A new analysis, using global climate models, predicts that most of the Arctic Ocean could become ice-free during summer by 2050. This new forecast, which used continuous and consistent satellite observations generated via ESA’s Climate Change Initiative, suggests that the future of the Arctic’s sea-ice cover critically depends on future carbon dioxide emissions.
Each year, Arctic sea ice goes through a seasonal cycle, growing in area and thickness through the cooler winter months before shrinking back again as temperatures rise in the spring and summer, with the minima occurring usually in September.
Since satellite-based measurements have begun in the 1970s, data show a trend of more ice melting away during summers and less new ice forming during winters. The daily Arctic sea-ice extent minimum in September 2019 was the second lowest in the 40-year satellite record.
In a recent study, published in Geophysical Research Letters, scientists from 21 research institutes simulated the evolution of Arctic sea-ice using 40 different global climate models. The models encompass various hypothetical scenarios, including trajectories based on the reduction of greenhouse gas emissions.
The study found that in most of the simulations, the Arctic Ocean is predicted to drop below 1 million sq. km (an area typically considered to be ice-free) in summers before 2050 – even if greenhouse gases are reduced significantly.
Project coordinator, Dirk Notz from the University of Hamburg, comments, “We are very surprised by these findings. Even if we reduce emissions substantially, keeping global warming levels below 2°C, Arctic sea ice will nevertheless disappear occasionally in summers before 2050.”
The loss of sea ice in the summer will have a profound impact on our environment – influencing ocean circulation and hastening the warming of the Arctic. As sea ice declines, the areas of open water absorb more heat leading to the increase of ocean temperatures – beginning a cycle of warming and melting.
Another finding from the study suggests that an ice-free Arctic in the winter months appears possible if carbon dioxide continues to be emitted at high levels. “This study illustrates the fact that cutting greenhouse gas emissions remains vital to prevent the worst impacts on the Arctic,” Professor Notz states.
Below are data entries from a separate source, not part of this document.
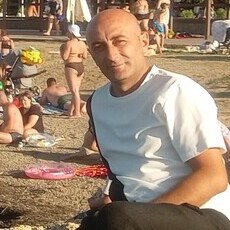 Фотография мужчины Армен, 41 год из г. Славянск-на-Кубани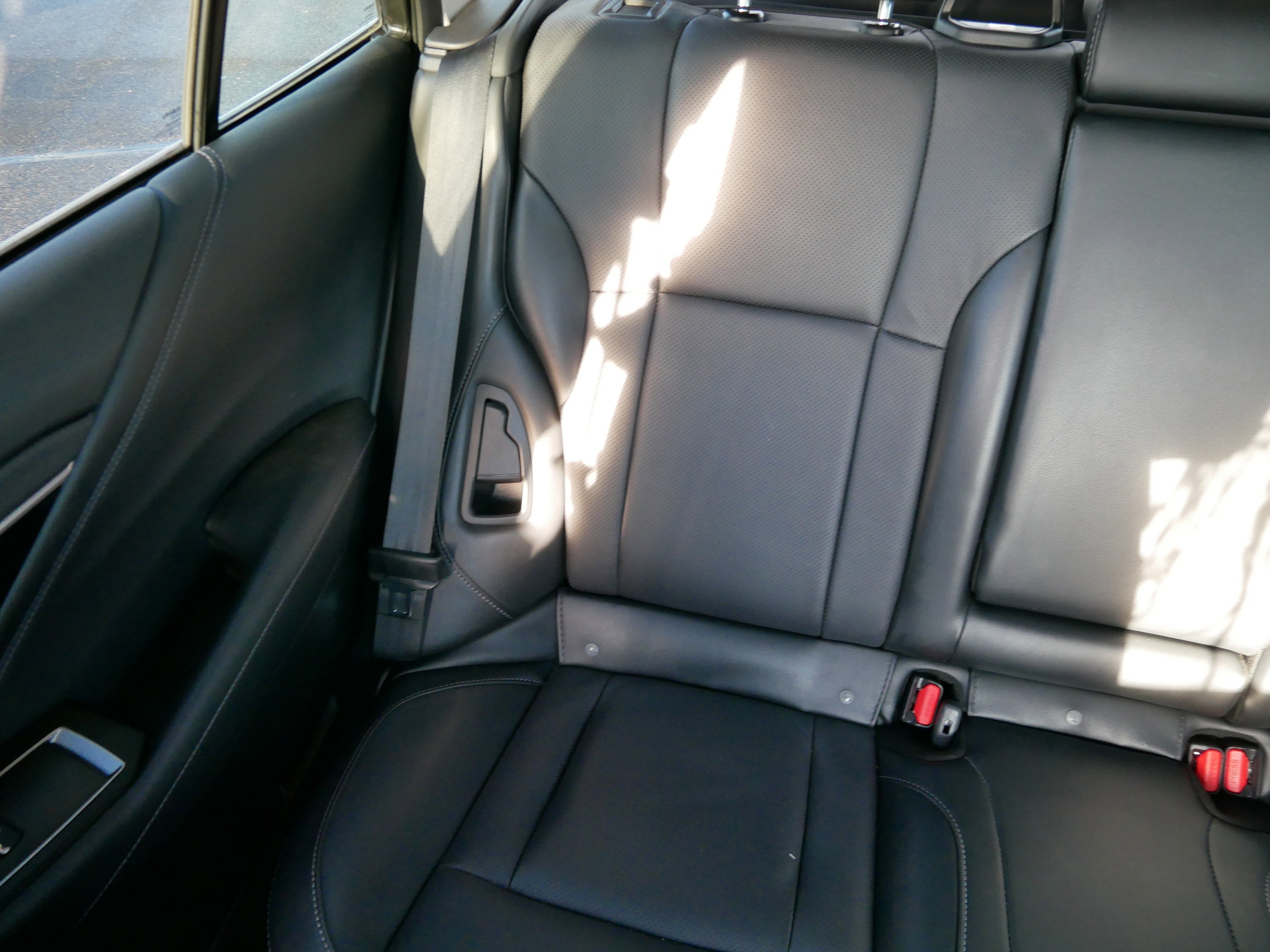 Certified 2024 Subaru Outback Limited XT image 12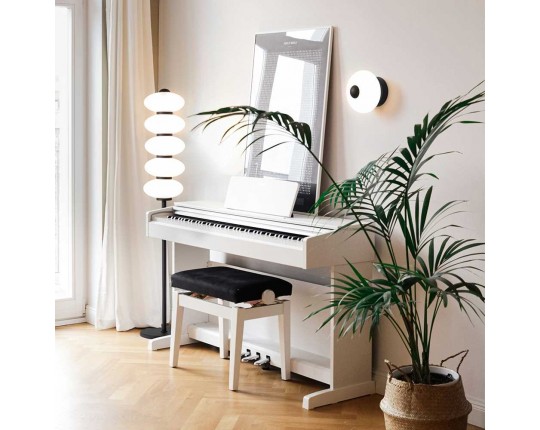 Напольный светильник Freya Modern FR5553FL-L20B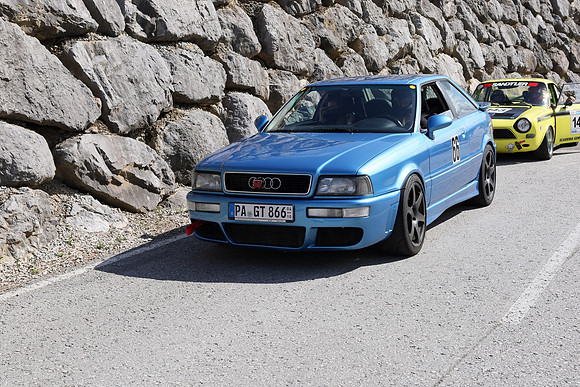 Oldtimer Festival Teil 2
Simulations in this study are compared data records of sea-ice concentrations from 1979 until present that were prepared by EUMETSAT’s Ocean and Sea Ice Satellite Application Facility and ESA’s Climate Change Initiative programme. The climate models come from the Coupled Model Intercomparison Project (CMIP6) which is working towards improving the major climate models to support the assessment of climate change.
Dirk continues, “The satellite record of sea-ice concentration was crucial for our analysis of CMIP6 model simulations. Without such a long-term consistent record of the real-world evolution of Arctic sea ice, we would not have been able to estimate the robustness of the model simulations.
“By allowing us to examine how well models simulate the real evolution of the sea-ice cover, records such as these, guide and inform our projections for the future.”
Thomas Lavergne, the Climate Change Initiatives sea ice project science lead, comments, “It was good to see that our sea ice data contributed to this work. Here we have an excellent example of collaboration between the ESA Climate Change and EUMETSAT’s Ocean and Sea Ice teams to deliver state-of-the-art satellite data records to the climate science community.”
The authors of the paper do add caution. Although the CMIP6 multi-model ensemble mean provides a more realistic estimate of the sensitivity of September Arctic sea-ice area to a given amount of anthropogenic CO2 emissions compared with earlier CMIP experiments, they highlight that most CMIP6 models still fail to simulate at the same time a plausible evolution of sea-ice area and of global mean surface temperature.